What is expected: Only the lines from the one with "KENZO 25AWストライプトラックパンツFF65PA5544IK 古着・中古-1枚目のアイテム画像" through the last line of the data below are to be duplicated, exactly and without pictures.

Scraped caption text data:
---*---

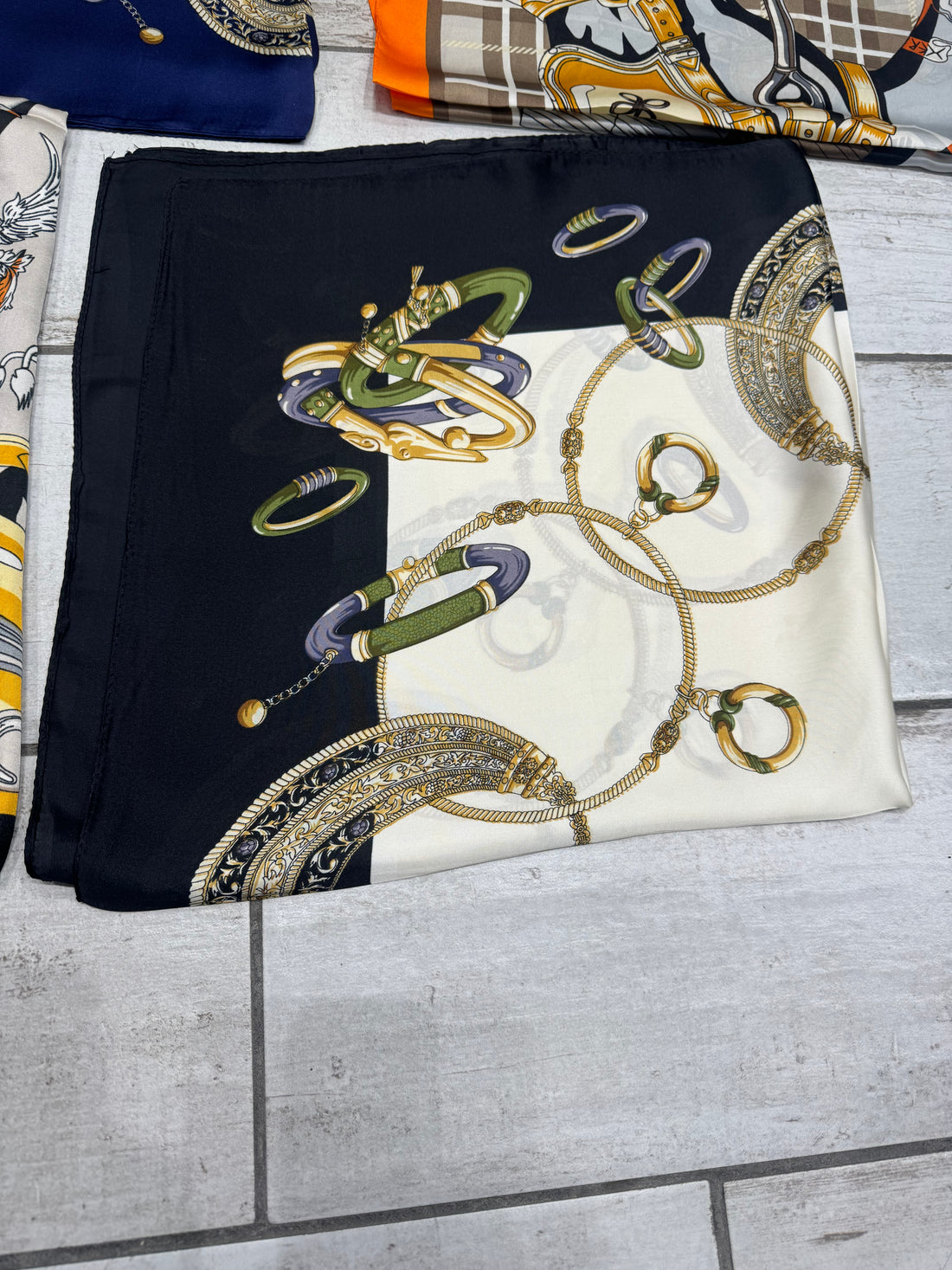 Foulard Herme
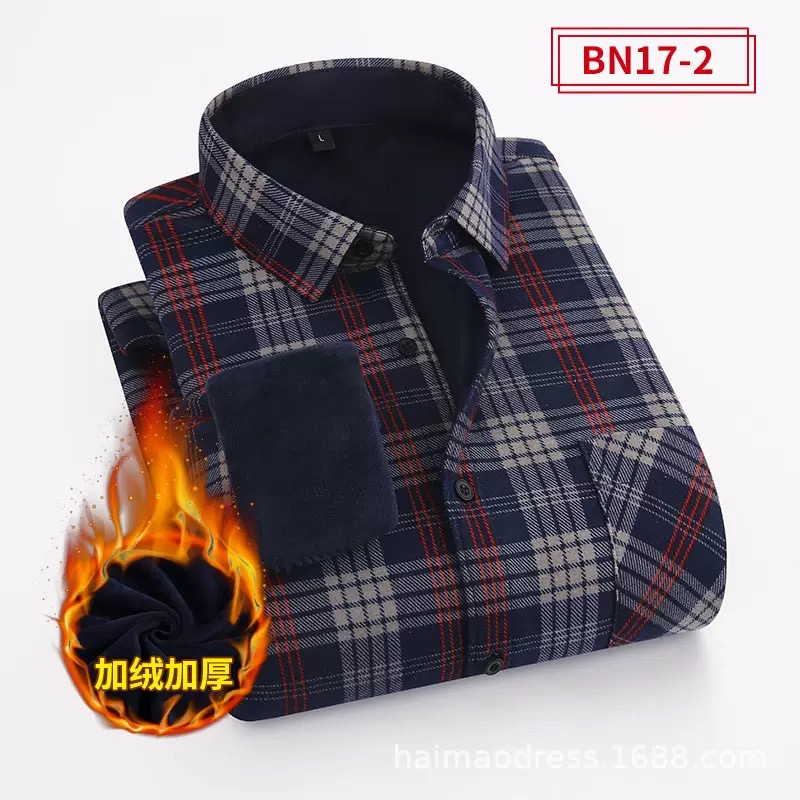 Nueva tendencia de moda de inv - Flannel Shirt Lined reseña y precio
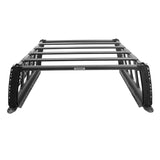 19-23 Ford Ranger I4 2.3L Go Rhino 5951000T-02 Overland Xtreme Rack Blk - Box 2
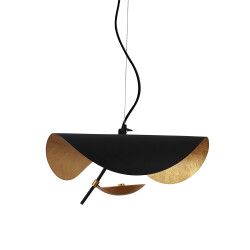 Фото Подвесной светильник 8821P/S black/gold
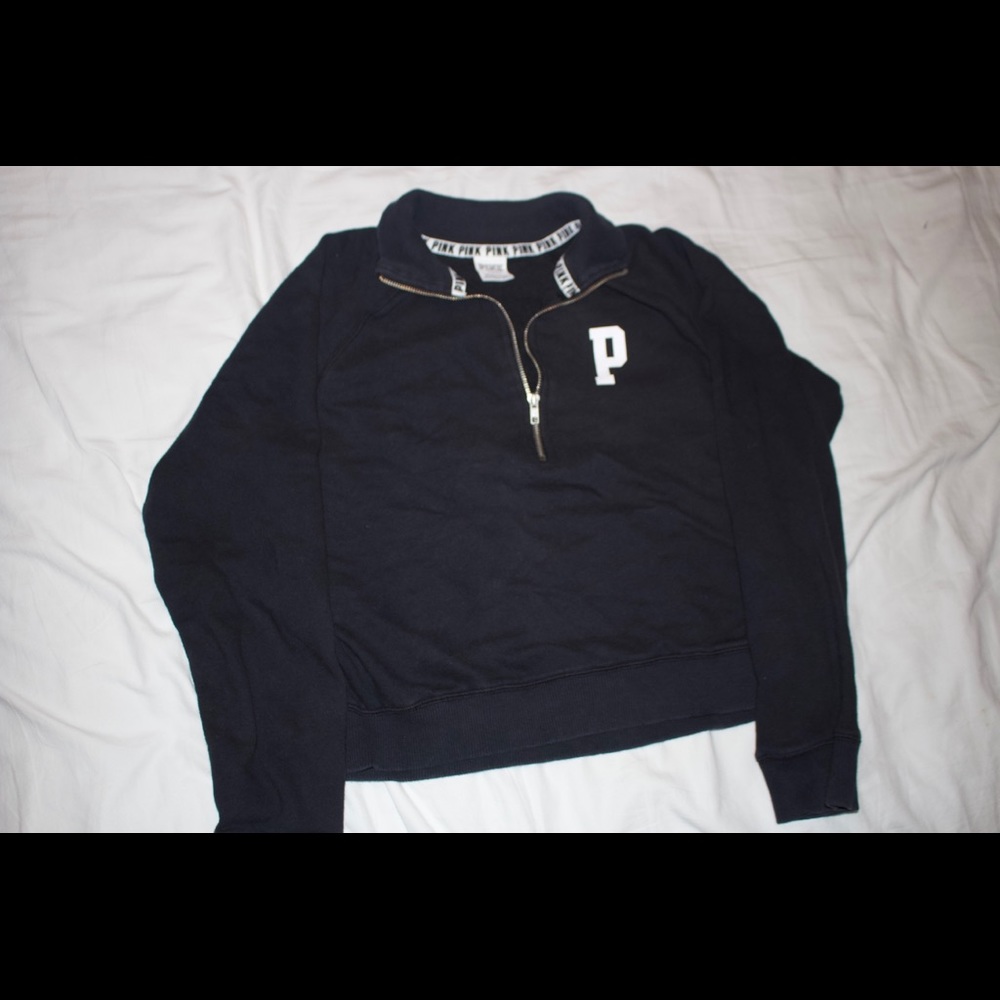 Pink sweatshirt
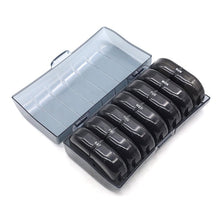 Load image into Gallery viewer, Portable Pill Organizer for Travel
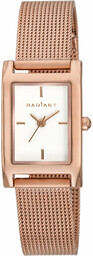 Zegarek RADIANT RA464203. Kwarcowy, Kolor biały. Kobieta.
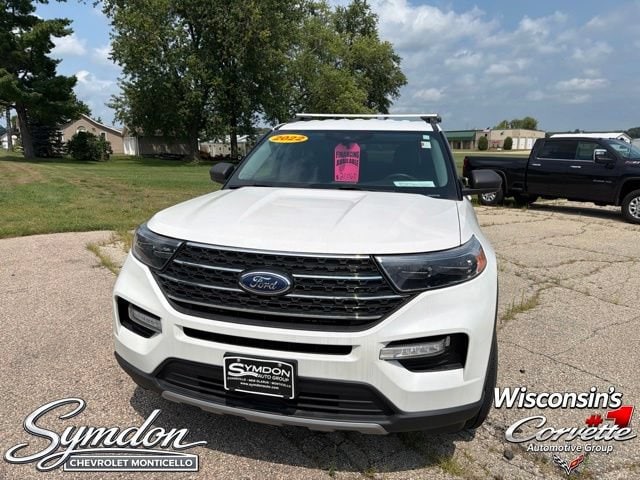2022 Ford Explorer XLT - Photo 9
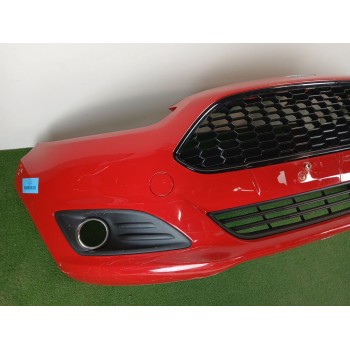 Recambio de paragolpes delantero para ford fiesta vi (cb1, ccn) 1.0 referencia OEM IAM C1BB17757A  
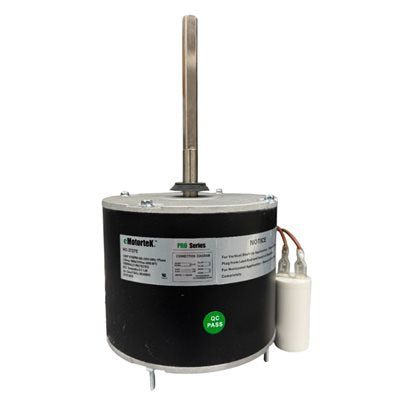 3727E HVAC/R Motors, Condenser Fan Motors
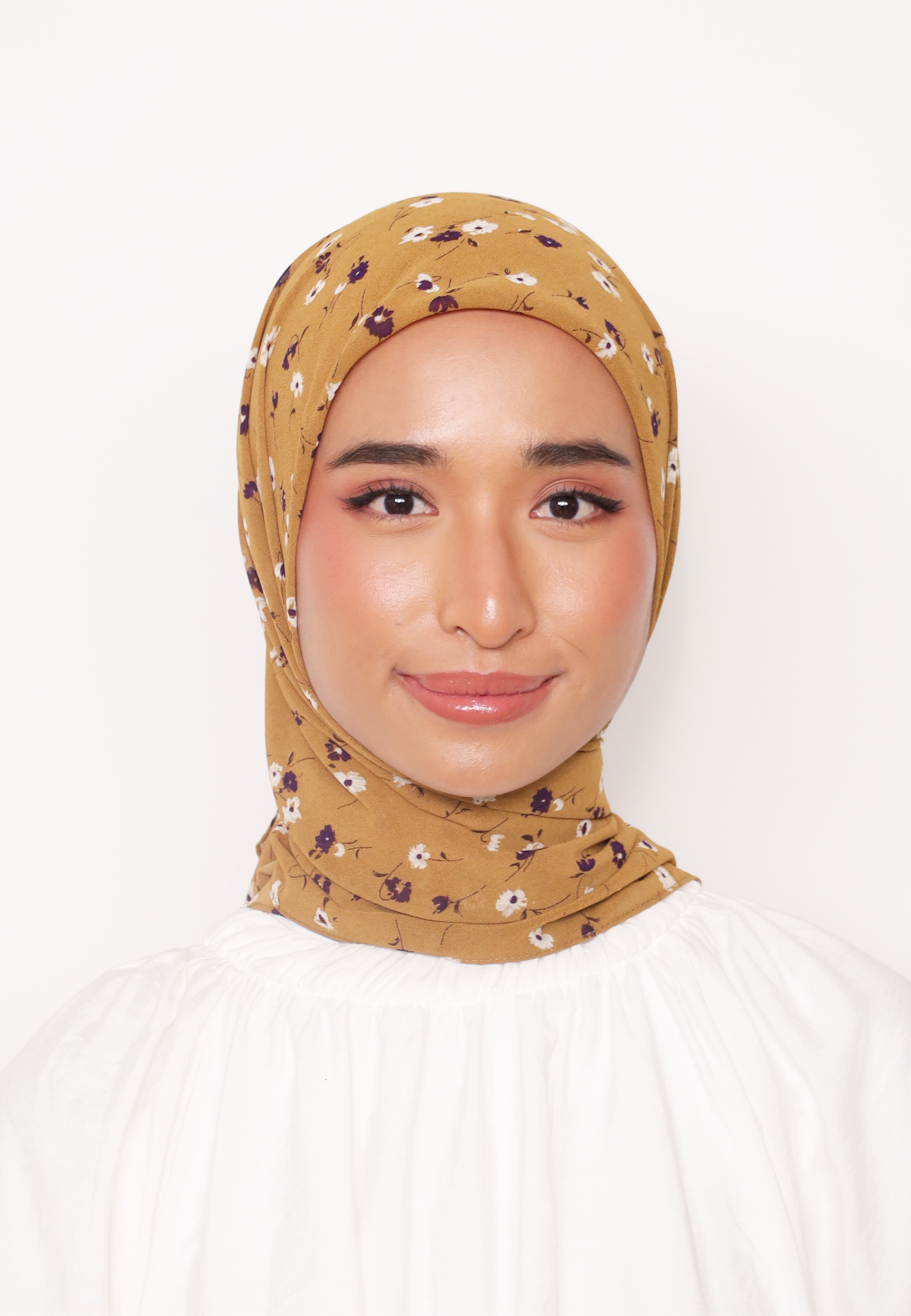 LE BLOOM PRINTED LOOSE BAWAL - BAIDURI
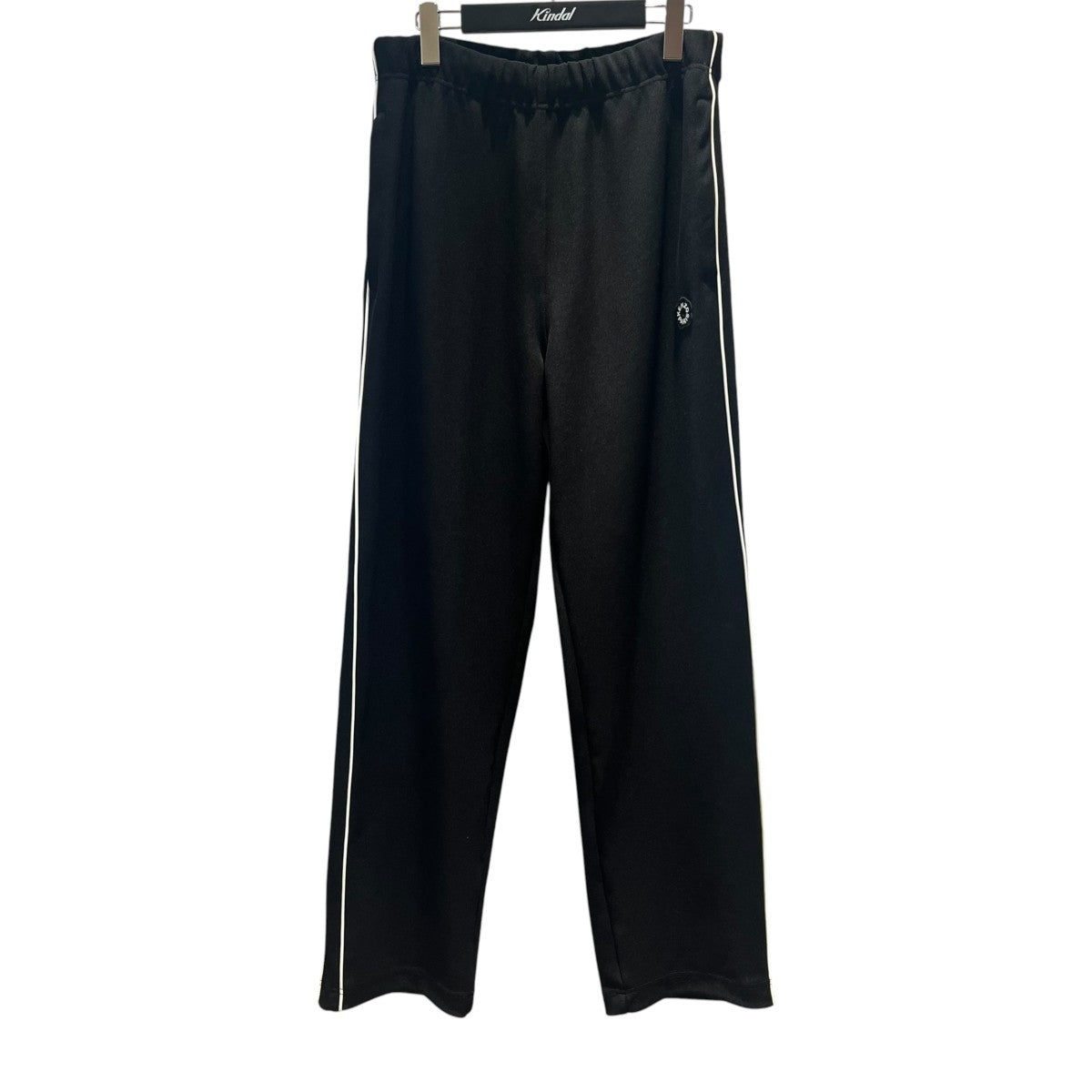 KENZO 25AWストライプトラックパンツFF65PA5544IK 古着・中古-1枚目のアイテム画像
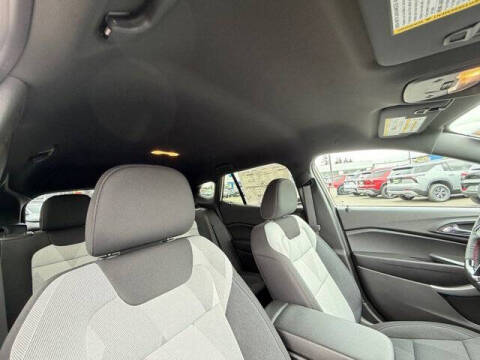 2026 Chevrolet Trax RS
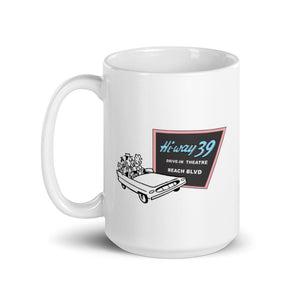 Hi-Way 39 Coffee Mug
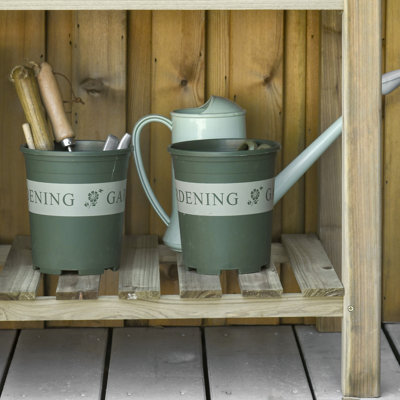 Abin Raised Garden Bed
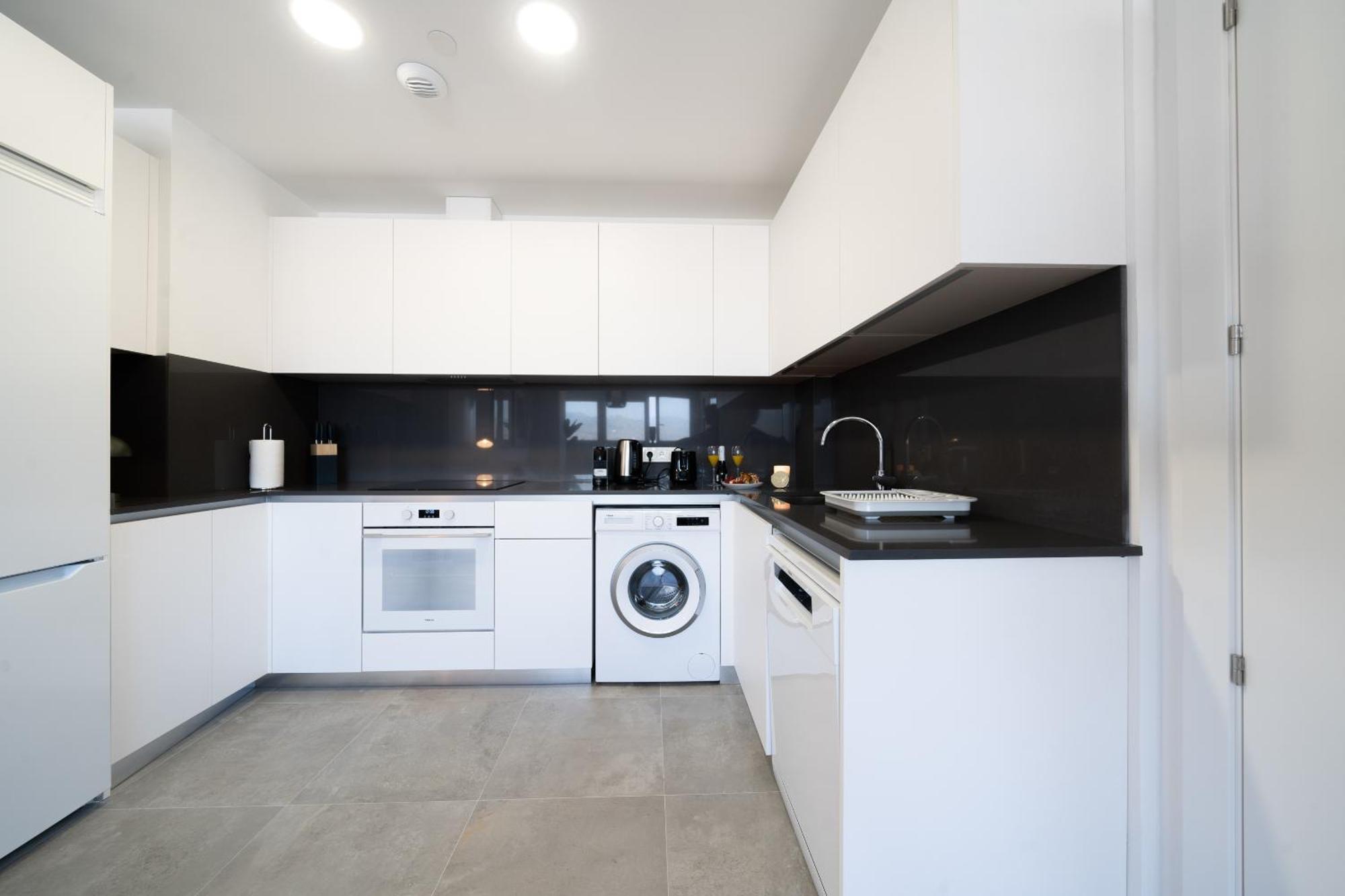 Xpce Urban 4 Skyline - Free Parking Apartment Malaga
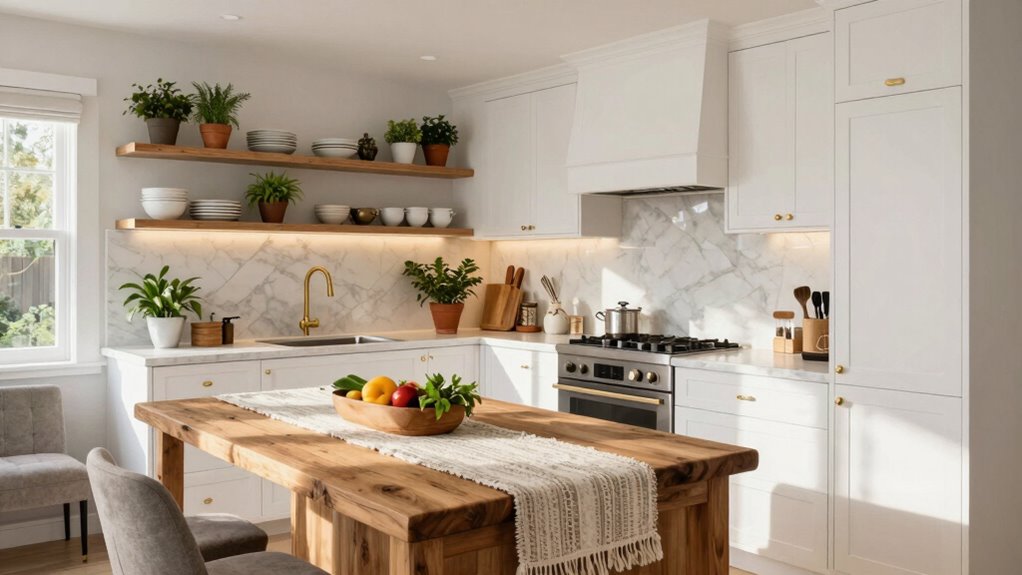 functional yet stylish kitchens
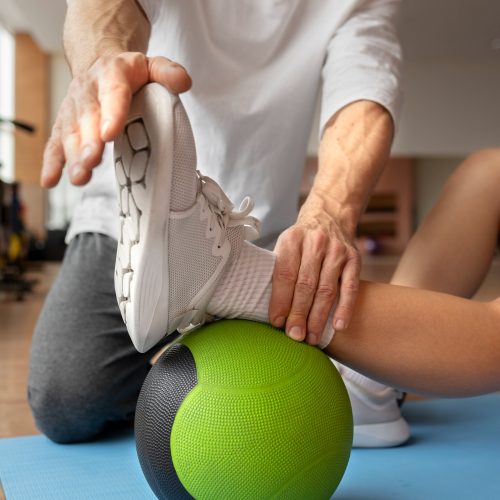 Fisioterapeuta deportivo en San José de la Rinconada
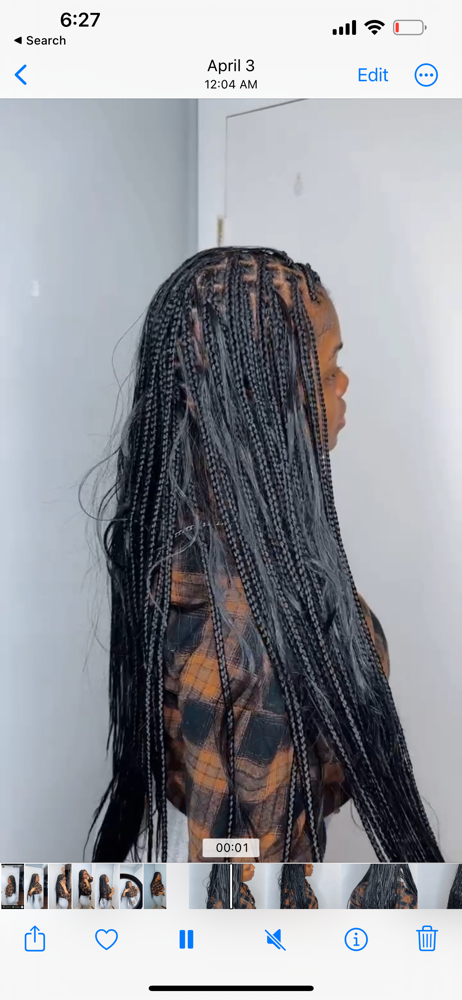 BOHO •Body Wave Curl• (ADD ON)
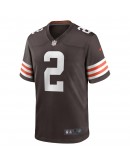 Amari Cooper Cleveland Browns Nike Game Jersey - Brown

---*---

Answer:
 KENZO 25AWストライプトラックパンツFF65PA5544IK 古着・中古-1枚目のアイテム画像
 2026 Chevrolet Trax RS
 Hi-Way 39 Coffee Mug
 Abin Raised Garden Bed
 Xpce Urban 4 Skyline - Free Parking Apartment Malaga
 functional yet stylish kitchens
 Fisioterapeuta deportivo en San José de la Rinconada
 BOHO •Body Wave Curl• (ADD ON)
 Amari Cooper Cleveland Browns Nike Game Jersey - Brown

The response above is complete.